Every record needs to be repeated exactly; its pictures do not.

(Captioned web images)
------------------------------------
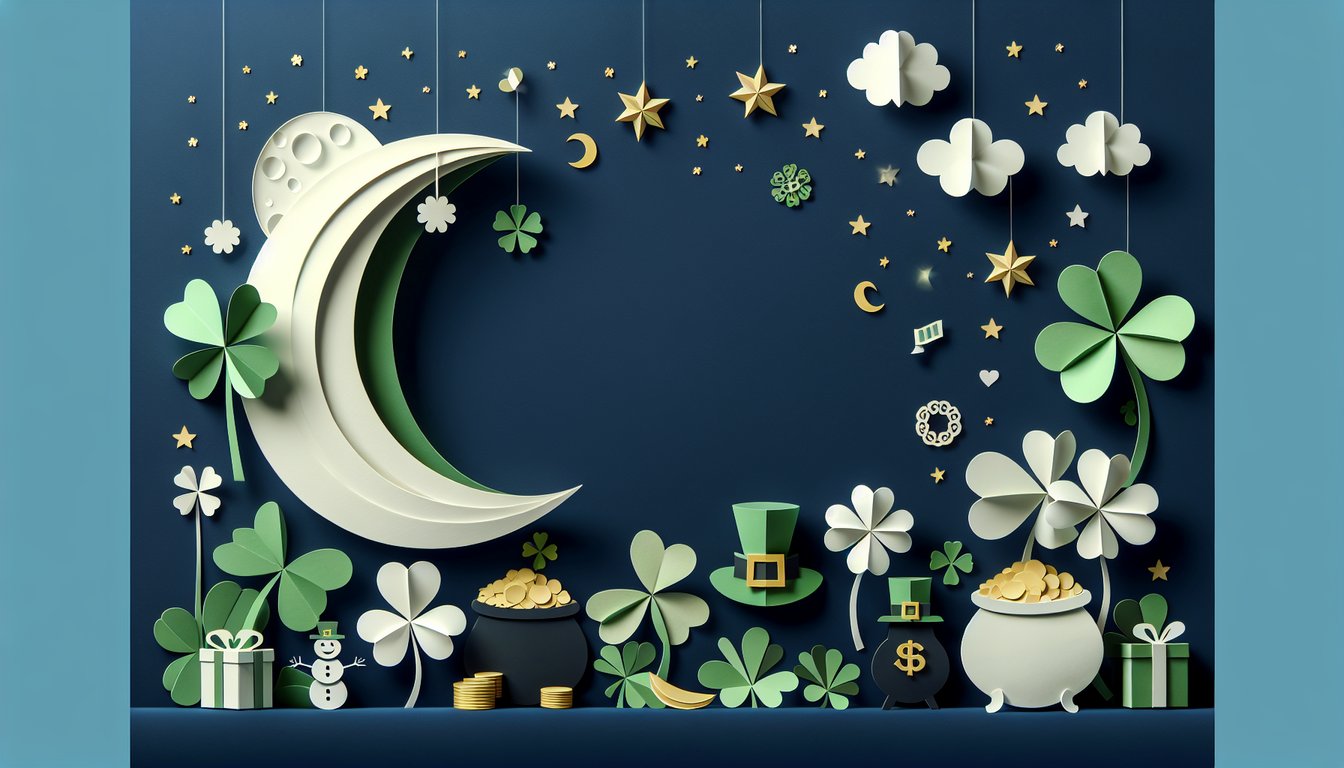 St. Patricks Day trivia quiz depicted in colorful and playful paper art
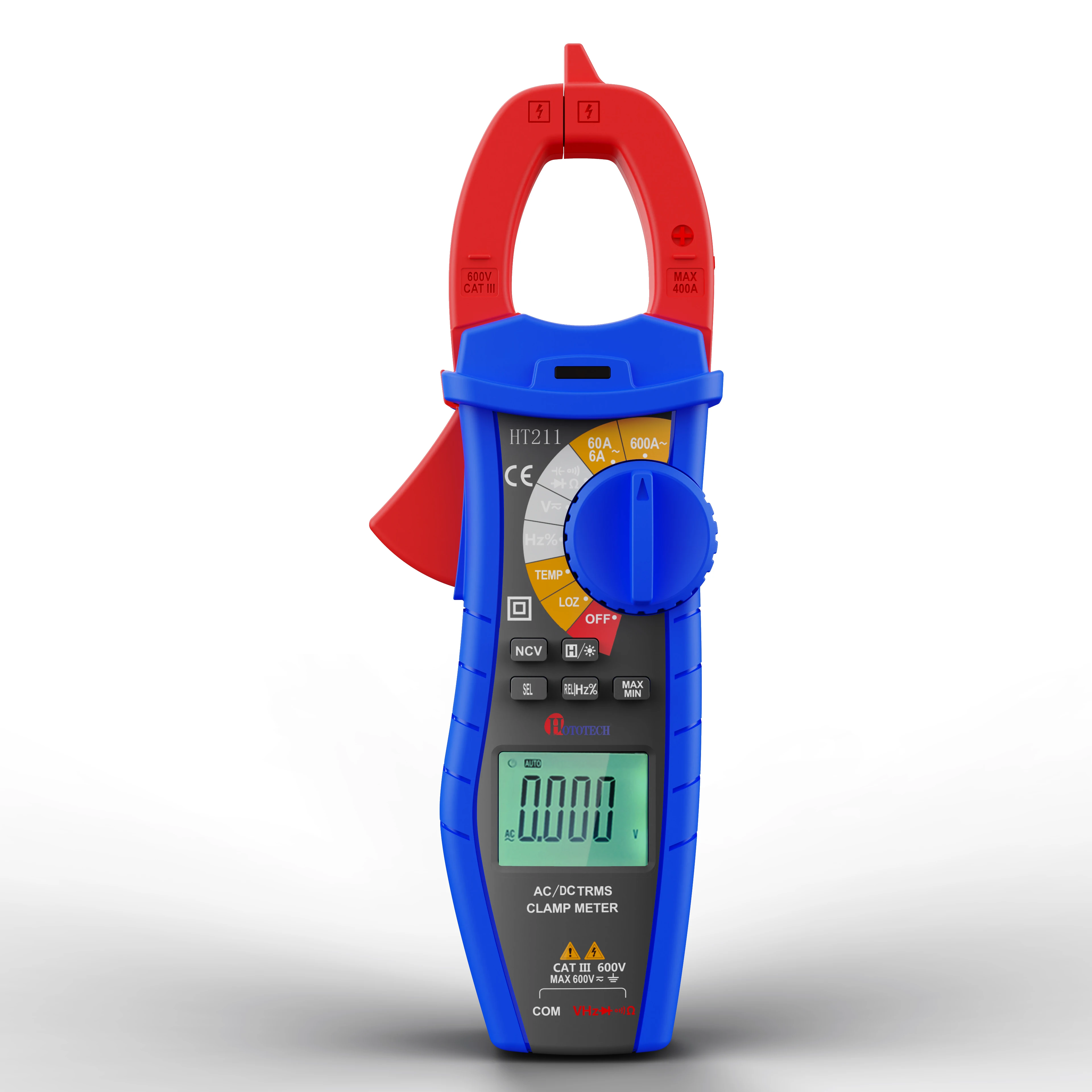High Precision  AC DC True RMS 1000A 1000V Clamp Meter Multimeter  with NCV and Flashlight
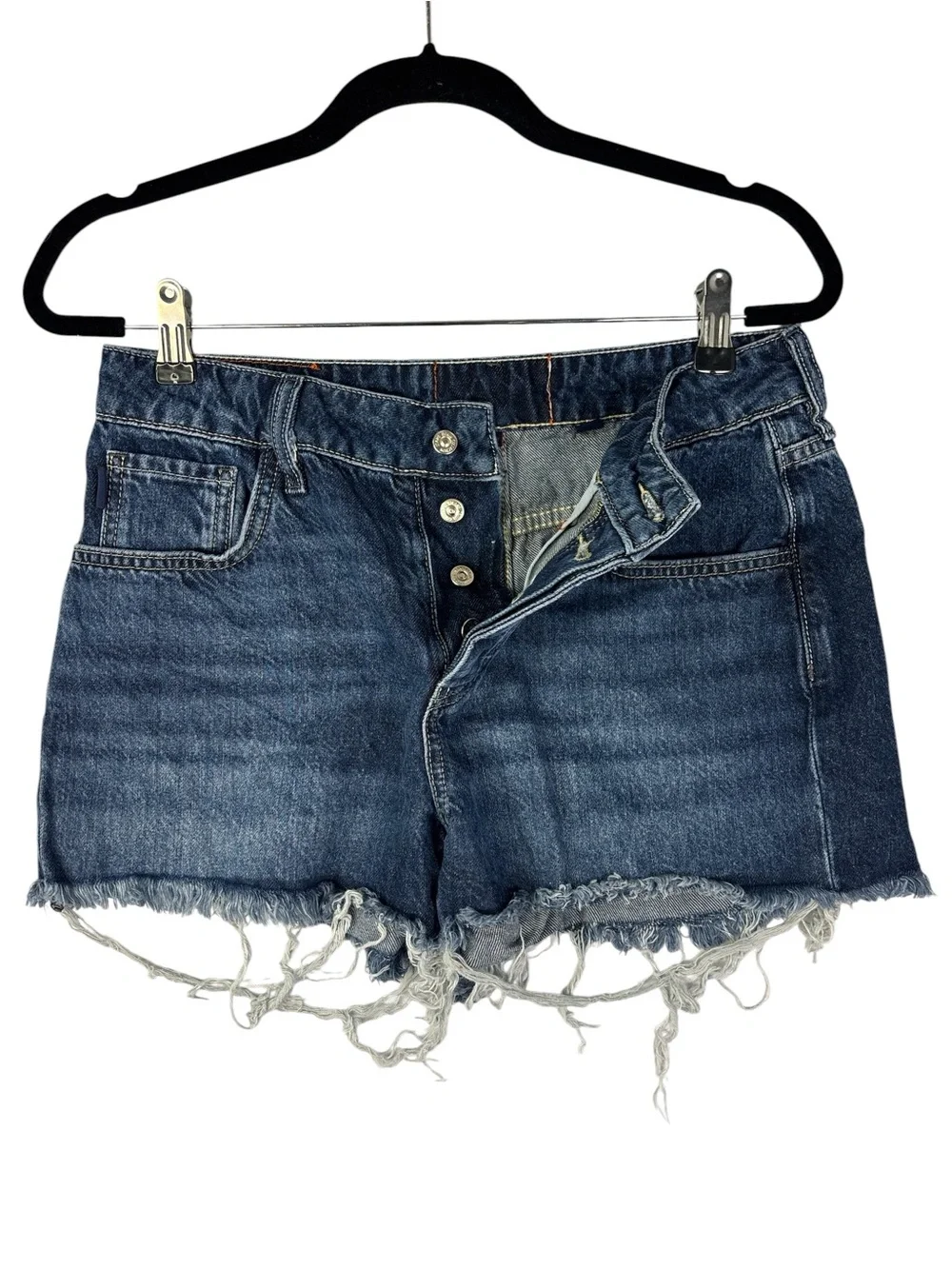 High-Rise Distressed Denim‎ Cutoff Shorts - Dark Blue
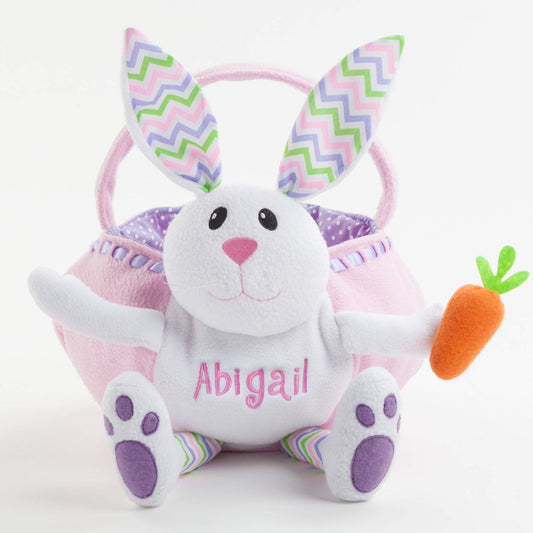 Custom Name Pink Easter Basket | Personalized Plush Bunny | Easter Egg Fun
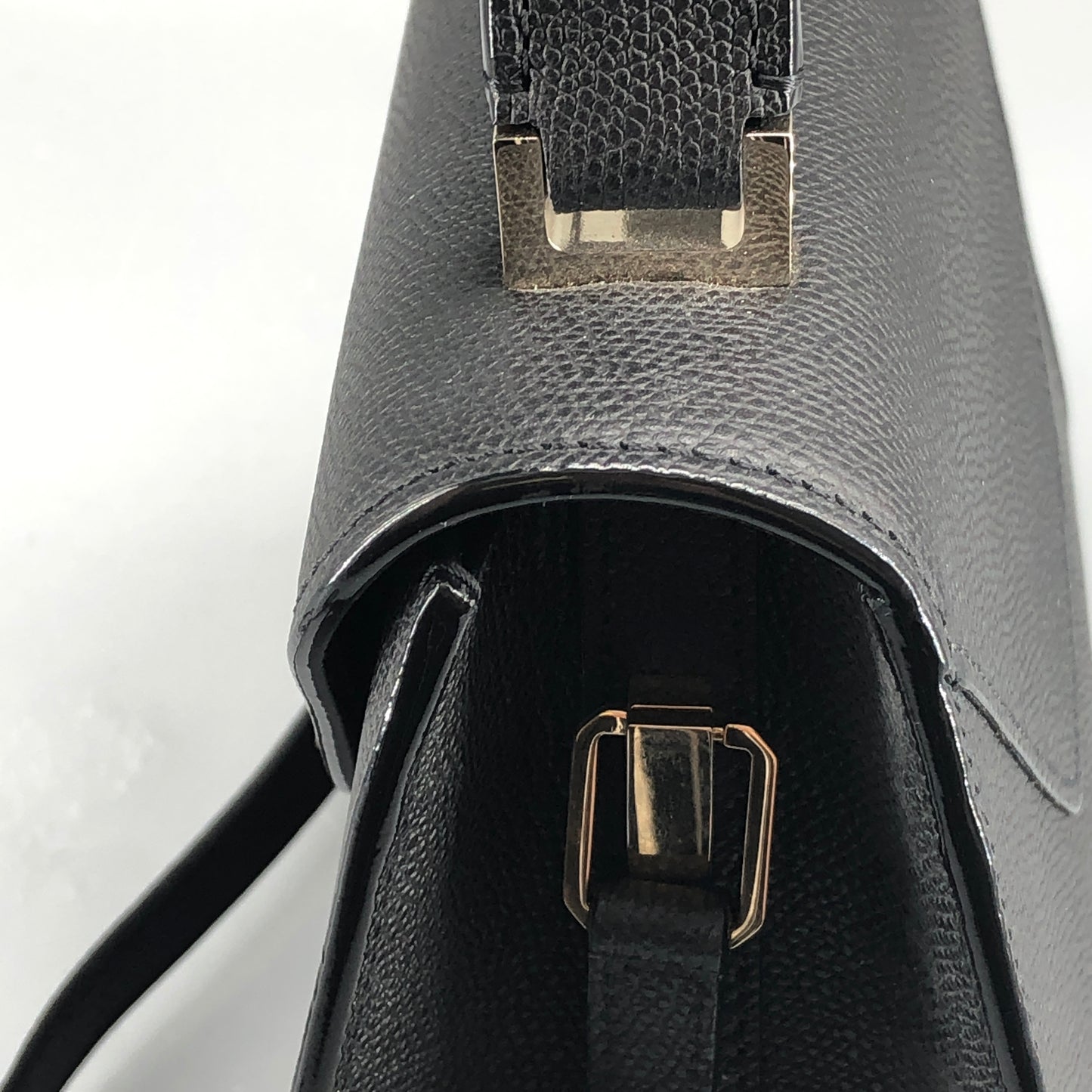 Valextra Iside Black Grained Calfskin Handbag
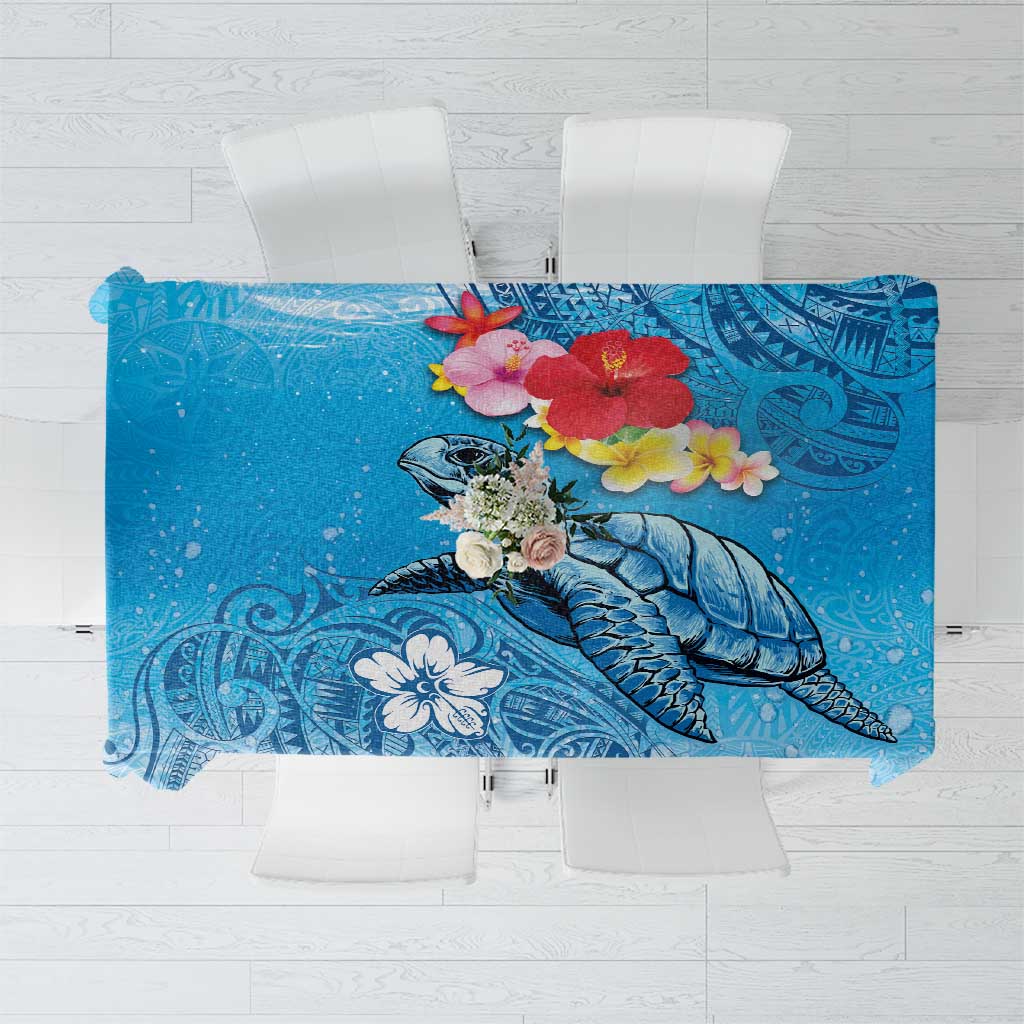 Hawaii Sea Turtle and Tropical Flowers Tablecloth Polynesian Tattoo Undersea Vibe LT03 Blue - Polynesian Pride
------------------------------------
> [FINISHED TASK]
 St. Patricks Day trivia quiz depicted in colorful and playful paper art
High Precision  AC DC True RMS 1000A 1000V Clamp Meter Multimeter  with NCV and Flashlight
 High-Rise Distressed Denim‎ Cutoff Shorts - Dark Blue
 Custom Name Pink Easter Basket | Personalized Plush Bunny | Easter Egg Fun
 Valextra Iside Black Grained Calfskin Handbag
 Hawaii Sea Turtle and Tropical Flowers Tablecloth Polynesian Tattoo Undersea Vibe LT03 Blue - Polynesian Pride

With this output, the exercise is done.